Consul

Consul Agent¶

agent 是 consul 集群的基本组成单元，其为运行在每台机器上的 consul 守护进程。通过运行 consul 的二进制文件来启动，可以分别以 client 模式和 server 模式启动

在 client agent 上（也就是通过本机）可以将当前机器上的服务通过 http 请求

local service_id = "gateway_server-" .. my_ip .. "-80"
local service_name = "gateway_server"
local consul_url = "http://127.0.0.1:8500/v1/agent/service/register"
local service = {
    ID = service_id,
    Name = service_name,
    Address = my_ip,
    Port = 80,
    Check = {
        HTTP = "http://" .. my_ip .. ":80/echo", -- health check ip and port
        Interval = "5s",
        Timeout = "3s",
        DeregisterCriticalServiceAfter = "1m",
    },
}
local request_body = json.encode(service)
local httpc = require("resty.http").new()
local res, err = httpc:request_uri(consul_url, {
    method = "PUT",
    body = request_body,
    headers = {
        ["Content-Type"] = "application/json",
    },
})

注册到 consul server 中。并且，client agent 也只支持注销本机注册的实例，而不支持注销集群中的其他实例（会返回 Unknown service ID ）

curl -X PUT http://127.0.0.1:8500/v1/agent/service/deregister/SERVICE_ID

两种运行模式：

Server Agent：服务端代理（也就是 consul servers）
- 通过 Raft 共识算法维护一个分布式键值存储，所有数据（包括服务注册信息、KV 数据、ACL 规则等）会持久化到磁盘（通常是 /consul/data 文件夹下），并在 Server 节点间同步
  
  这种持久化存储的策略使得 consul 集群在重启时，可以在（通常是 /var/lib/consul 目录下）中拿到持久化到磁盘中的注册信息。

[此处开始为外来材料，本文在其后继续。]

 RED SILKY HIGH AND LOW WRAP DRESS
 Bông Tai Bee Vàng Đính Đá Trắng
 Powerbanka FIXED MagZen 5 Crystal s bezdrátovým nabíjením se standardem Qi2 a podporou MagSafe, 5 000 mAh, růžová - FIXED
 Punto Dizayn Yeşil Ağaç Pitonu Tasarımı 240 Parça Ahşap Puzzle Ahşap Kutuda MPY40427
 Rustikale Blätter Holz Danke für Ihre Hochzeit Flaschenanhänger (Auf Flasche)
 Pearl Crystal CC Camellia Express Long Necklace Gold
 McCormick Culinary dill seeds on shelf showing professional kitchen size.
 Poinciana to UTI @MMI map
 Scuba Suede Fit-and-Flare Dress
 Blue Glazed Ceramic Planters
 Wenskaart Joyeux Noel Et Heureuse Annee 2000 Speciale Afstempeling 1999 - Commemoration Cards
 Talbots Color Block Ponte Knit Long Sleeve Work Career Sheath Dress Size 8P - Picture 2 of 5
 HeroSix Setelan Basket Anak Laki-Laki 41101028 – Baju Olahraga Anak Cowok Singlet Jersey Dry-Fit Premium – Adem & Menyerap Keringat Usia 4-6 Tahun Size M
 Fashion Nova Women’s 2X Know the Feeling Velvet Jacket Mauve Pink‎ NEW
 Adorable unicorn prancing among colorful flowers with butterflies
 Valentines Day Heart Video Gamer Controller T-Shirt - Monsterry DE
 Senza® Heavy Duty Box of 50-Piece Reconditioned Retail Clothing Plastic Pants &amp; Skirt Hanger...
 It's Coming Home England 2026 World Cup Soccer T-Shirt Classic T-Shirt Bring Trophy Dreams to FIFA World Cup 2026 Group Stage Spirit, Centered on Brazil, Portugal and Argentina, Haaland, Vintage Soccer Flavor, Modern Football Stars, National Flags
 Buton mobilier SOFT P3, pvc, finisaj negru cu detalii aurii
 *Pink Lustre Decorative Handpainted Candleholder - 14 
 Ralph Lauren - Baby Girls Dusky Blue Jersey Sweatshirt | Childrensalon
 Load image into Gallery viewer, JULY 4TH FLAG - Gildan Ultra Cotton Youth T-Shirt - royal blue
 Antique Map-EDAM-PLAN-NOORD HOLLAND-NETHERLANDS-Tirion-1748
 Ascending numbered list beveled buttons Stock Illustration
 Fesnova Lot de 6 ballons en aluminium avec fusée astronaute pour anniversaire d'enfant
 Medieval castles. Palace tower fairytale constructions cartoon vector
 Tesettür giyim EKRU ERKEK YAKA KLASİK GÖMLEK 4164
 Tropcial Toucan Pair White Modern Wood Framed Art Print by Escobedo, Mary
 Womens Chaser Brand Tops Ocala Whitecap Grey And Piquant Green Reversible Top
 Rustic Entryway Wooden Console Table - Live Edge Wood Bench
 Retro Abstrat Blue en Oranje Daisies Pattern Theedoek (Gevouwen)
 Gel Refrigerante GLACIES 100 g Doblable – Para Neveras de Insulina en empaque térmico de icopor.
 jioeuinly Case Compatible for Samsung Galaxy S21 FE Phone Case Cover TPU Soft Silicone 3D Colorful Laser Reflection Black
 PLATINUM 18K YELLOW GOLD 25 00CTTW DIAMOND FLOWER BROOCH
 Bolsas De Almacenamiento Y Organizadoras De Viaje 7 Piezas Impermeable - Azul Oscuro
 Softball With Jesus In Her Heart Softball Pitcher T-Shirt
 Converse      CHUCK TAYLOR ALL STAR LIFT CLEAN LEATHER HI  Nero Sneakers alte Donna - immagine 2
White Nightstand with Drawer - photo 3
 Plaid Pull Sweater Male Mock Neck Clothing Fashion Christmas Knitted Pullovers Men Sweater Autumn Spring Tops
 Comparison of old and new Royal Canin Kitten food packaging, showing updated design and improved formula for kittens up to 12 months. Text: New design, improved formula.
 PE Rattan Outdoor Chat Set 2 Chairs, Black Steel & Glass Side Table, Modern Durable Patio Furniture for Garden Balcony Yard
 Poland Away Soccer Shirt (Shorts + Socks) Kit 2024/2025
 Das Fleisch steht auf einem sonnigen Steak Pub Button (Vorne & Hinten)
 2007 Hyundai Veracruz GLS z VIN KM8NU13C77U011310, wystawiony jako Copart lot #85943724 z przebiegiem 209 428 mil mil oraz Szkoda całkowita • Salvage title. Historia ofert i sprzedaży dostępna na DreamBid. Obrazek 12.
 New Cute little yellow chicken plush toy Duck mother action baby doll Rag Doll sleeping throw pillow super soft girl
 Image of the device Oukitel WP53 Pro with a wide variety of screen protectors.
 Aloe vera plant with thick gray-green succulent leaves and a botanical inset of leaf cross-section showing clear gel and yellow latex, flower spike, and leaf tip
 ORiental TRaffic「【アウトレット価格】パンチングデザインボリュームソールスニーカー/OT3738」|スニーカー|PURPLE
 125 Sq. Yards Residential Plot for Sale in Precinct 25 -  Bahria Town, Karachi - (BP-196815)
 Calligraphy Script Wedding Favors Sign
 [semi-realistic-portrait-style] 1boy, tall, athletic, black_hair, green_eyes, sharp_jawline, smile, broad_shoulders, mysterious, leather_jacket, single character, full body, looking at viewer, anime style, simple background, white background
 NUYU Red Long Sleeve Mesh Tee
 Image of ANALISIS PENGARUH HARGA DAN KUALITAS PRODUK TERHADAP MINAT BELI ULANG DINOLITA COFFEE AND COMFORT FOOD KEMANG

Client Agent：客户端代理（也就是 consul clients）

负责将请求从服务转发给 server agent，维护本地服务注册信息，并进行健康检查；主要作为一个通信工具，和 server 进行 http 交互，封装了各种 Consul API 的调用

另一方面 consul 采用 pull 的方式，client 还会定期接收 server 的健康检查。例如 hashicorp 的 consul api 提供的 Register 的 api，服务实例向 server 注册后，server 根据配置中的 interval 定期向 client 所在机器的服务端口发送 tcp 检查

采用 pull 模式的优势为，可以直接性地去验证服务端口的可达性

check := &api.AgentServiceCheck{
    Interval:                       serviceOptions.Interval,
    Timeout:                        serviceOptions.Timeout,
    TCP:                            fmt.Sprintf("%s:%s", host, port),
    TLSSkipVerify:                  TLSSkipVerify,
    DeregisterCriticalServiceAfter: serviceOptions.DeregisterCriticalServiceAfter,
}
return r.opts.client.Agent().ServiceRegister(&api.AgentServiceRegistration{
    Kind:    api.ServiceKindTypical,
    ID:      genAgentServiceId(service, host, port),
    Name:    service,
    Port:    pt,
    Address: host,
    Check:   check,
    Tags:    serviceOptions.Tags,
    Meta:    serviceOptions.Meta,
    Weights: &api.AgentWeights{
        Passing: serviceOptions.Weight,
        Warning: serviceOptions.Weight,
    },
})

gateway 服务也是在本机上有一个 client 代理，用于和 leader 通信。也就是说，通过访问本机的 8500 端口，可以查看当前节点，乃至于整个集群的信息

长轮询机制¶

与上面提到的定期健康检查不同：

定期的的健康检查是从服务的注册方角度出发的，由 server 定期来检查注册的服务是否可用，基于 Interval 参数进行
长轮询机制是从服务的调方角度出发的，由 client 主动发起，用于服务列表的实时性更新

以下为 hashicorp consul api@v1.8.1 对外提供的监听器方法，在服务节点发生变化时，会调用 Handler（一般由用户定义）来标记和处理变化

// RunWithClientAndLogger runs a watch plan using an external client and
// hclog.Logger instance. Using this, the plan's Datacenter, Token and LogOutput
// fields are ignored and the passed client is expected to be configured as
// needed.
func (p *Plan) RunWithClientAndHclog(client *consulapi.Client, logger hclog.Logger) error {
    var watchLogger hclog.Logger
    if logger == nil {
        watchLogger = newWatchLogger(nil)
    } else {
        watchLogger = logger.Named(watchLoggerName)
    }

    p.client = client

    // Loop until we are canceled
    failures := 0
OUTER:
    for !p.shouldStop() {
        /* 关键长轮询请求 */
        blockParamVal, result, err := p.Watcher(p)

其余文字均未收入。